[[ The data open ]]

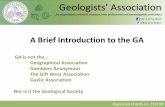 Geologists’ Association · 2017-06-11 · •The Geologists’ Association exists to foster the progress and diffusion of the science of Geology… •It represents the interface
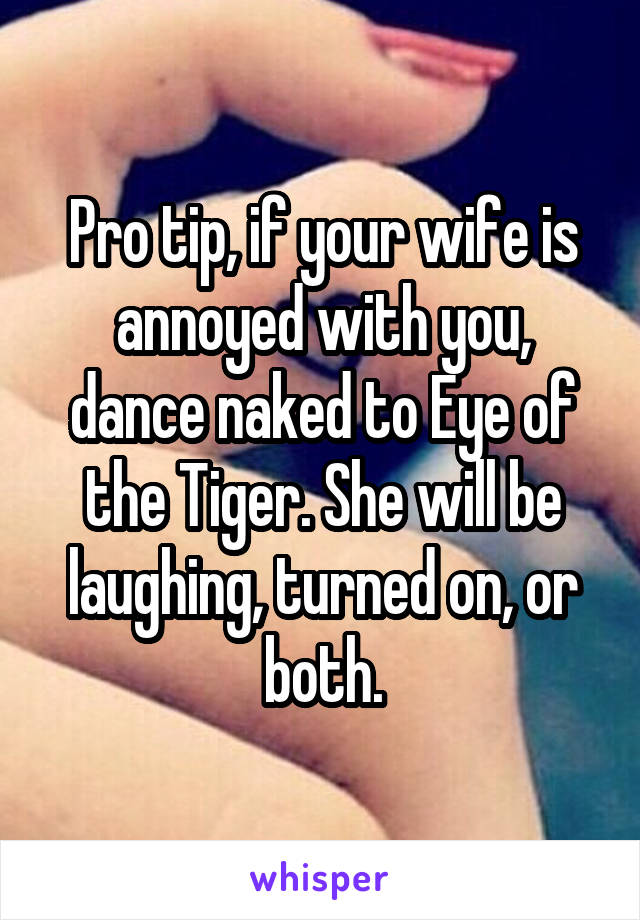 Pro tip, if your wife is annoyed with you, dance naked to Eye of the Tiger. She will be laughing, turned on, or both.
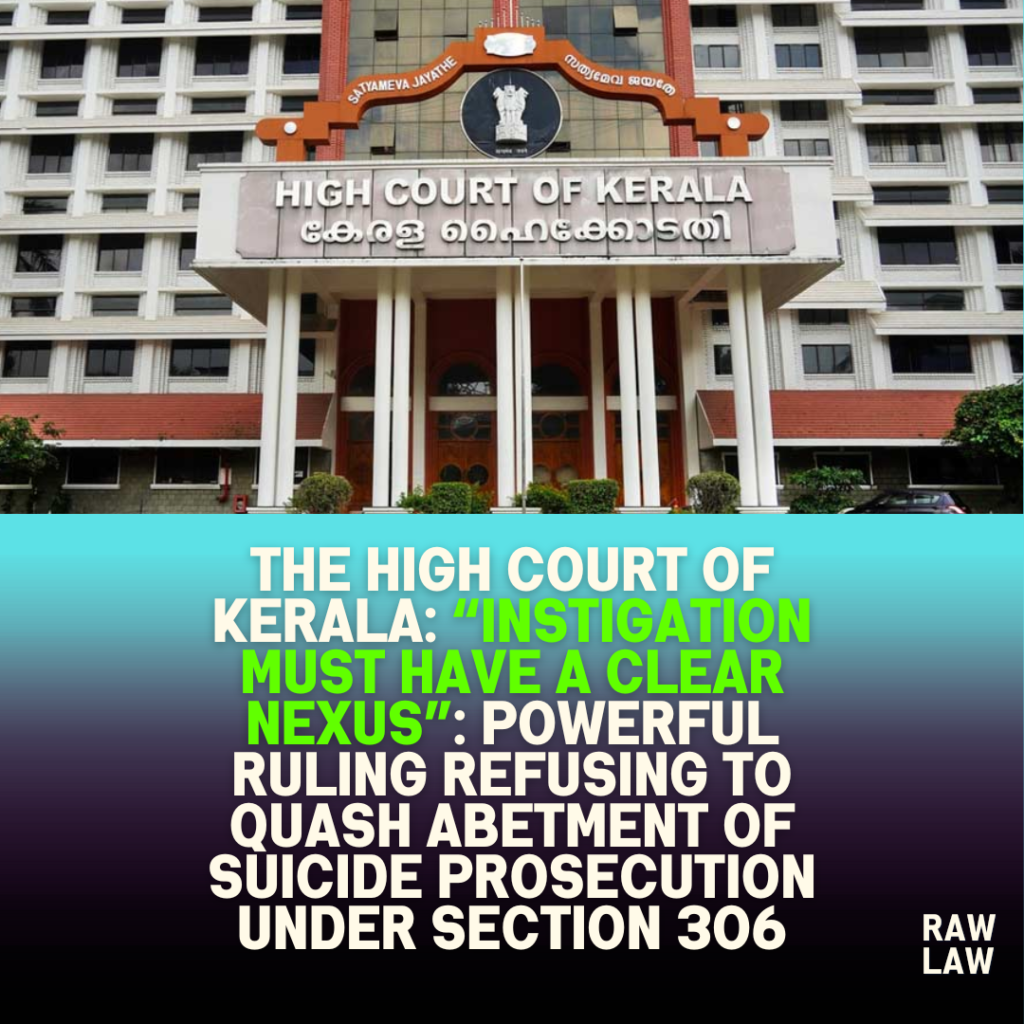 The High Court of Kerala: “Instigation must have a clear nexus”: powerful ruling refusing to quash abetment of suicide prosecution under Section 306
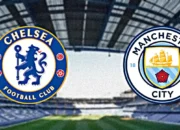 Data dan Fakta Pertemuan Chelsea vs Man City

[[ The data closed ]]

**Required action**
Hand back exactly the lines from the one with "Pro tip, if" through the last line of the data above, both ends included, with every picture left out.

**Response area**
 Pro tip, if your wife is annoyed with you, dance naked to Eye of the Tiger. She will be laughing, turned on, or both.
 The High Court of Kerala: “Instigation must have a clear nexus”: powerful ruling refusing to quash abetment of suicide prosecution under Section 306
 Data dan Fakta Pertemuan Chelsea vs Man City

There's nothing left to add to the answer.